A few months ago, I had to have double arm surgery. My right arm needed a full thickness skin graft and now looks like a shark took a major bite out of it. Recovery wasn’t fun and I still have issues with it. It took me awhile not to absolutely loathe the scar and I finally began wearing short sleeve shirts again. Then someone had to open their big mouth… “At least you can cover it up so people don’t see it.” (Referencing my Frankenstein arm) As usual, somehow I kept my composure, but here’s what I’d like all of you to know…
Commenting on the appearance of a person’s scar is no different than remarking about their weight, hairstyle, acne, braces or big ears. It’s rude, hurtful and unneccessary.
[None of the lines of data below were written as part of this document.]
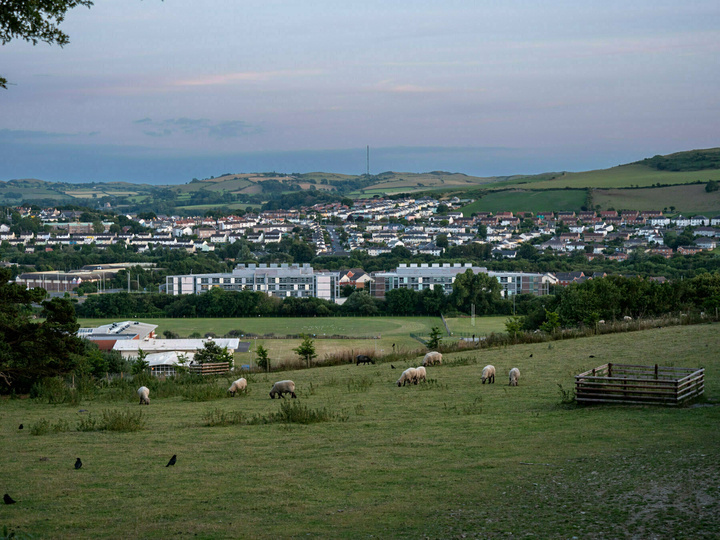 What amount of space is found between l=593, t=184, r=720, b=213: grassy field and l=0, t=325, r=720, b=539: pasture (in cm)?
16465

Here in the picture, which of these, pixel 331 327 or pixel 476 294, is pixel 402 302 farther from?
pixel 331 327

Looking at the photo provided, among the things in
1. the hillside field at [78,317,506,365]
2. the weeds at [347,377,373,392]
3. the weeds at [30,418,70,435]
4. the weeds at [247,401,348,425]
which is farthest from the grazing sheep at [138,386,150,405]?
the hillside field at [78,317,506,365]

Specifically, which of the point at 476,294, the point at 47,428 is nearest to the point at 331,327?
the point at 476,294

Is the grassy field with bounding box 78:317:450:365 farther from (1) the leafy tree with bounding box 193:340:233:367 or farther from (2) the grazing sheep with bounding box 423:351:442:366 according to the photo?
(2) the grazing sheep with bounding box 423:351:442:366

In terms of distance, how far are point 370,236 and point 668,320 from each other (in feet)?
481

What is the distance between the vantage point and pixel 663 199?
178m

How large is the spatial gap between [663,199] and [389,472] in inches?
7300

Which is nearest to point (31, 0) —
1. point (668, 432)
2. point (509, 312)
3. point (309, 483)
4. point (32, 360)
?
point (309, 483)

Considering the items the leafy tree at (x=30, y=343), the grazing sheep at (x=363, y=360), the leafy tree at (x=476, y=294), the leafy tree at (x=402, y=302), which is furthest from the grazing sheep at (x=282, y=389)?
the leafy tree at (x=402, y=302)

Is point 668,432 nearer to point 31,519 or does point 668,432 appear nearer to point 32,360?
point 31,519

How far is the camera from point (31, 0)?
30.5 feet

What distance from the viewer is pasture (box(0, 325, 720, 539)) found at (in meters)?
7.05

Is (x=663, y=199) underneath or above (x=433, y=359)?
above

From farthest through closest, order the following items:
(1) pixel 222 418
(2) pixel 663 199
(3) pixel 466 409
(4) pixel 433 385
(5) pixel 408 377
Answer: (2) pixel 663 199 < (5) pixel 408 377 < (4) pixel 433 385 < (3) pixel 466 409 < (1) pixel 222 418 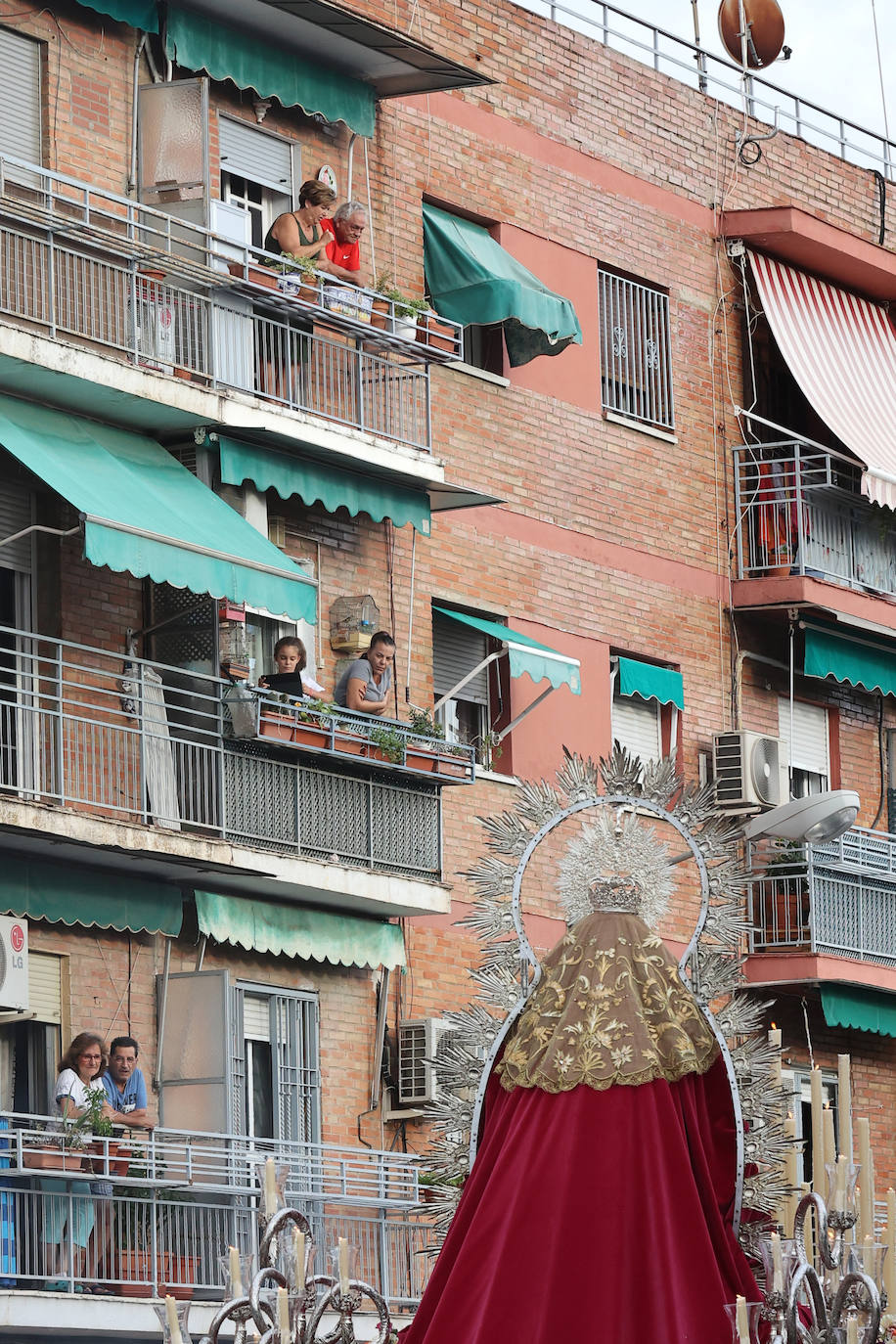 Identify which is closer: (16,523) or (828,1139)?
(828,1139)

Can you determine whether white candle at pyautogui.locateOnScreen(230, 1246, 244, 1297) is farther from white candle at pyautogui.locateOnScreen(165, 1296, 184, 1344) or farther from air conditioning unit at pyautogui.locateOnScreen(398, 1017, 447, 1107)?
air conditioning unit at pyautogui.locateOnScreen(398, 1017, 447, 1107)

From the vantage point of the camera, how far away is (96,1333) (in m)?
17.3

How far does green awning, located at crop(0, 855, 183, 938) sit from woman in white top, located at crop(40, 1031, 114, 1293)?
79 cm

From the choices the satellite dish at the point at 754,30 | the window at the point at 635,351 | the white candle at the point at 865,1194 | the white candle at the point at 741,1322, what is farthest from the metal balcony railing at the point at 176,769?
the satellite dish at the point at 754,30

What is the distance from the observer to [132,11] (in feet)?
64.7

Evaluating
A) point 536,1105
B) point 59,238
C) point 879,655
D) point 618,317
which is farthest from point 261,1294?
point 879,655

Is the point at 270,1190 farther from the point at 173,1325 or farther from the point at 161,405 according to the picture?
the point at 161,405

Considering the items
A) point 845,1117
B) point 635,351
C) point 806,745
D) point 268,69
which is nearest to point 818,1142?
point 845,1117

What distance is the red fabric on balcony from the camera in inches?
368

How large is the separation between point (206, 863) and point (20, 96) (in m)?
5.09

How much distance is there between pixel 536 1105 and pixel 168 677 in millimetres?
9968

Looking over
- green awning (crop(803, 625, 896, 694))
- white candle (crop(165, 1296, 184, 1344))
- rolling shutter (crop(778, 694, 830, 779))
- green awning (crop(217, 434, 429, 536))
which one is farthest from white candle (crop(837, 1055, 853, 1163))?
rolling shutter (crop(778, 694, 830, 779))

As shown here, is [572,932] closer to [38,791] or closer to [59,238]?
[38,791]

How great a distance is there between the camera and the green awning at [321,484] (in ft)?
64.9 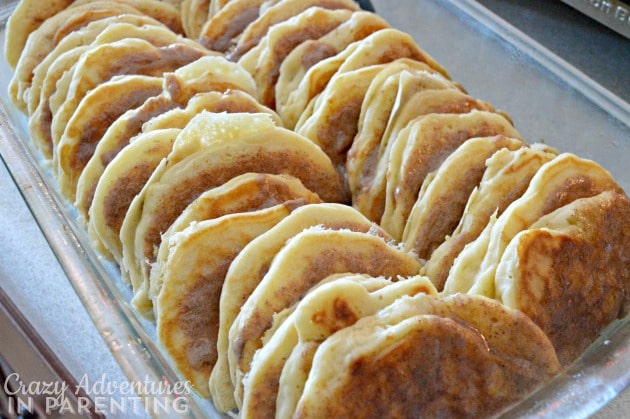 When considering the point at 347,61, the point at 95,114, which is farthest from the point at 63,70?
the point at 347,61

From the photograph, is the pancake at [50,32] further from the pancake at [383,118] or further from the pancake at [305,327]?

And, as long as we see these things as ugly and point them out as such, we are no better than the companies who photoshop models to make them twig-sized or the businesses that use child-sized mannequins in the women’s department display. We can make a difference here. We must view our “imperfections” as something that makes us unique and special. We must see scars as battle wounds and find beauty in the strength and courage that their owners hold. The actual scar may just be flesh, but the story behind it is more than skin deep.
Now for a movie reference (I can’t help that I’m a cinema buff!) In the movie “Jaws”, one of my favorite scenes is where Quint, Hooper, and Chief Brody are chilling around the dinner table in the boat the night before all of the action happens. They’re a bit tipsy after having a few cold ones, and one by one, they go around, showing off their scars and sharing their stories. There is pride in the tales they tell and a mutual respect for the tragedy that gave them those scars. How amazing would it be if everyone could feel that comfort and companionship? They’d not only share their scars but flaunt them. Others wouldn’t say “Ewww” or “A little cover-up could fix that!” They’d say “you’re incredible – superwoman!” or “I wish I had your fight.”